O'Reilly comes in in a second tier along with Prentice Hall and New Riders. I would note that O'Reilly's quality control has not been as good recently, and I've found numerous problems in the editing.
The lower middle tier has Apress, who publish books on timely subjects, but whose books tend to feel like they've been pushed out the door just to meet some timeline and which are often very poorly edited and checked, and groups like "Friends of Ed" whose books tend to cover interesting topics, but are technically trash with frequent errors in code and again very poor editing.

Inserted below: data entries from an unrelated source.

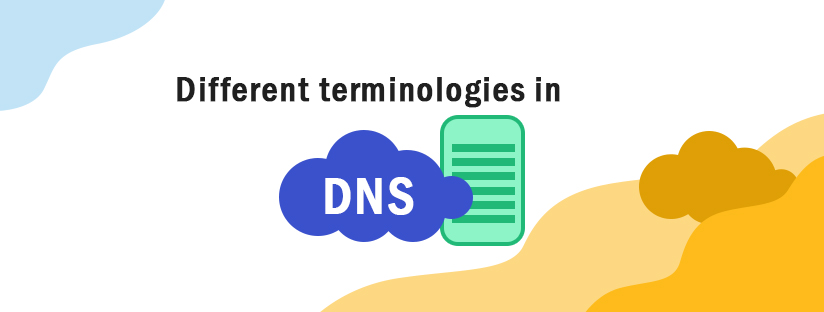 Different terminologies in DNS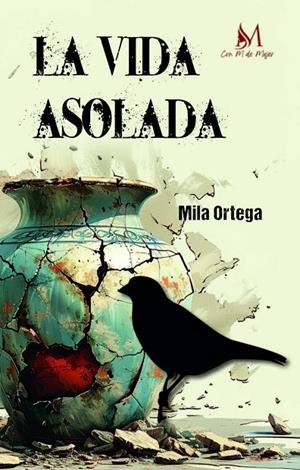 VIDA ASOLADA, LA | 9788410102590 | ORTEGA, MILA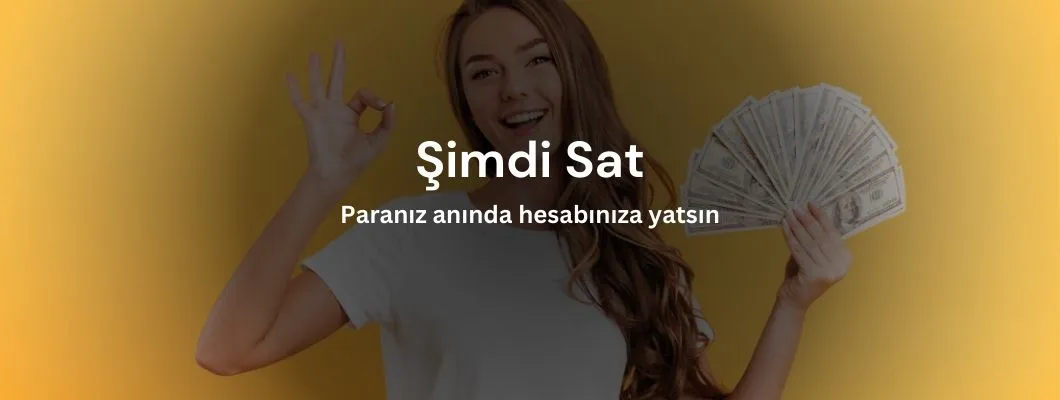 Şimdi sat, paranız hesabınıza anında yatsın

Springer is an interesting data point. Their good books are very good indeed, among the best, but they also produce some of the worst crap in print - with poor (and frequently incorrect) content, little or no editing and almost non-existent quality control. Worse yet, much of their stuff is so overpriced it is silly ($120 for a 200 page book with 10 pages of real content). I think much of this is produced because libraries have subscriptions for the junk and buy it no matter how bad it is.

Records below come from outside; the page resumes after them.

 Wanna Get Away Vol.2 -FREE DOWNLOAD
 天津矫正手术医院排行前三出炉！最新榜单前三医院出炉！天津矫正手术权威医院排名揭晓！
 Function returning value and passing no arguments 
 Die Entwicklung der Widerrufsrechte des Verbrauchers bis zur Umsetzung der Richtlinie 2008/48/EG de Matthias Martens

There are some other publishers in the field that seem to be moving up. Thompson Course Technology used to publish only the worst tier of textbooks (poorly written full color crapfests on microsoft office that fell apart after a semester's use and cost $100+) but they're now moving up into a nicer neighborhood with a couple of good releases in the last year or so and may be someone to consider.
If I read the question correctly, you've already written a fair amount of the book already, yes? If so, stop writing. Find the publisher first, then work with them on producing the book.
There is no such thing as a generic book, especially in technology instruction. Peachpit, Apress, O'Reilly, etc. all publish very different sorts of books, with different styles and audiences. Adapting from one to another is more work than writing it "to fit" from the beginning.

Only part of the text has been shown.